Honestly, there are not a lot of characters I relate to, whether they’re women, depressed, or bisexual, I find it difficult to truly see myself in characters. And hey, that doesn’t mean I want less bisexual female characters; I love reading about them and some of my favourite characters are bisexual men and women.
I’ve never felt my situation was understood until I read Autoboyography by Christina Lauren. Autoboyography is, in short, about two boys who fall in love during a creative writing class. One boy is bisexual and one is coming to terms with the fact that he’s gay. Tanner is our main character, and he’s out as bisexual to his family. He’s recently moved to Utah, and while he was completely out to all his friends back in San Francisco, he’s not yet made that move in Utah.
Why? Because his mum doesn’t think it’s a good idea.
When I first read this, my heart sunk. Tanner’s parents accepted him, but to me (and to Tanner), it was quiet acceptance. While he had their verbal acceptance and even their pride, wearing rainbow flag aprons and collecting gay pride bumper stickers, there is always a part of him that worries what his parents might think if he actually came home with a boy. It’s the same with his friends; he may not be out to them, but he fears what might happen if he was. I am out to my friends and to my parents, but to be honest, I rarely mention it, because it’s not really that easy to bring up unless I really push for it to be talked about which, come on, who likes talking about their queerness surrounded by a bunch of straight people? I’ve also had instances when my folks have asked that I don’t bring up my sexuality in front of grandparents. A part of me knows it’s because they probably won’t be accepting and so my parents want to protect me, the same way Tanner’s mum does. But the other part is wondering is it because my folks don’t want it to be a whole thing? Would it be a nuisance? So I end up not wanting to talk about it at all in front of them, not even the boy-attraction parts.
While I was jumping for joy at seeing a bisexual character actually experiencing this quiet acceptance that I feel, it made me feel kinda sad. It made me reflect on my experiences, and how quiet acceptance is not full acceptance. I will always have that worry about how people would react if I started dating a girl. Would my parents not take our relationship seriously? Would my friends not want to talk about her or even invite her to parties/days out even though their boyfriends would be there?
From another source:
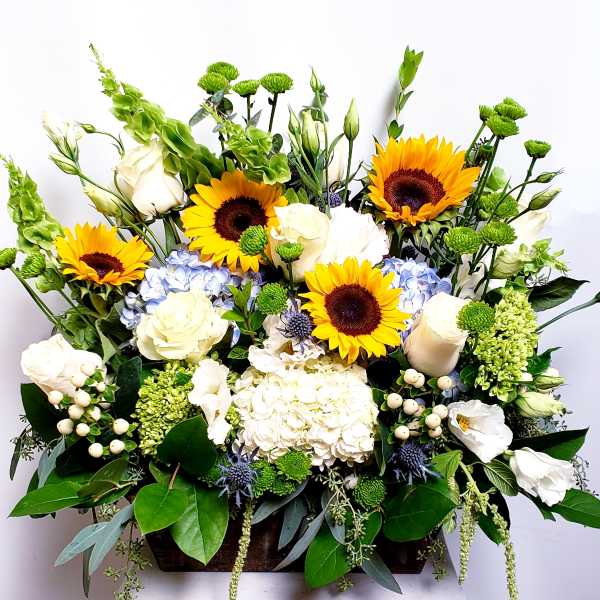 Mixed bouquet with sunflowers, white roses, and blue hydrangeas in a rectangular container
It’s just a bridge I’m gonna have to cross when I come to it I guess. For now, the only pro-active thing I feel like I should do is get more queer friends because let’s be honest, would I feel this way if I had more than one queer friend?
But I want to say thank you to Autoboyography and to Christina and Lauren (I know! They’re two people!) for understanding bisexual struggles so intrinsically, and not falling into the many stereotypes that bisexuality unfortunately has.